At 10:00a they let us into the Expo Hall and our party made a beeline to the Blizzard booth where we got in line to play World of Warcraft: Legion. You might be asking, “Erik, haven’t you already been playing Legion for the last several days?” Yes, I’d reply. Then you might continue, pressing the matter, “But Erik, don’t you think that’s odd?” No, I’d reply. Two things make this not-odd. For one, I got to play some Legion intro content with a class/race combination that I’ll probably never play in the game. For two, by completing the demo, I got a neat pin:


I don’t really understand pin collecting and trading. But I appreciate the form factor for pins that are personally relevant.

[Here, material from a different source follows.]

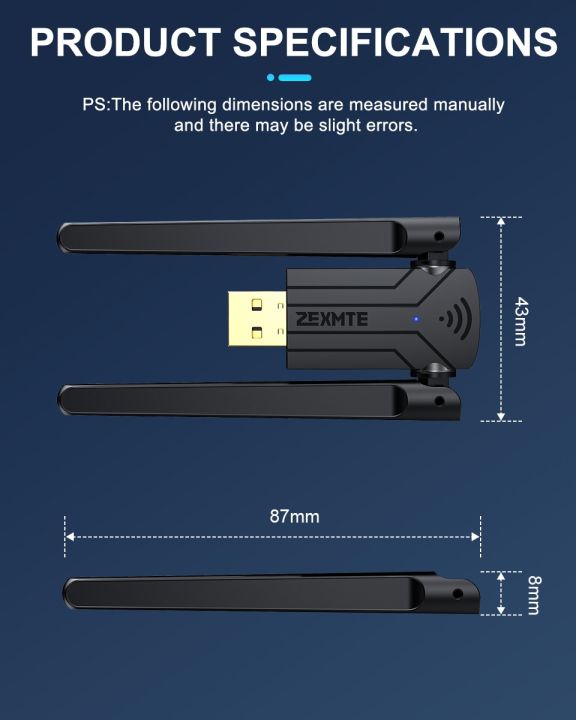 Zexmte%20150M%20USB%20Bluetooth%205.1%20Adapter%20Dongle%20Free%20Driver%20Adaptador%20Bluetooth%20Transmitter%20Dual%20Band%20Audio%20Receiver%20For%20Win%2010/11%20-%20Image%203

Because we got done with the Legion demo so quickly, we had time to grab lunch before our next scheduled event. So we headed out to the Seattle Westin and grabbed lunch at the Relish Burger Bistro. This set us up for an easy transfer upstairs to wait for the 1:00p Legion Panel by a number of the Blizzard Game Designers. The panel was really cool for a fan. A little bit of the background and thought process that went into the expansion, some looks forward, and, critically, the announcement of something new.

By the time the Legion panel was done, we were all buzzing with WoW goodness. Rather than risk getting (any more) worn out, we took the positivity and headed home to play some more Legion. Back tomorrow for more time actually playing video games (Microsoft booth, perhaps?) and maybe some tabletop? Who knows! Two more days of PAX have an awful lot of possibilities.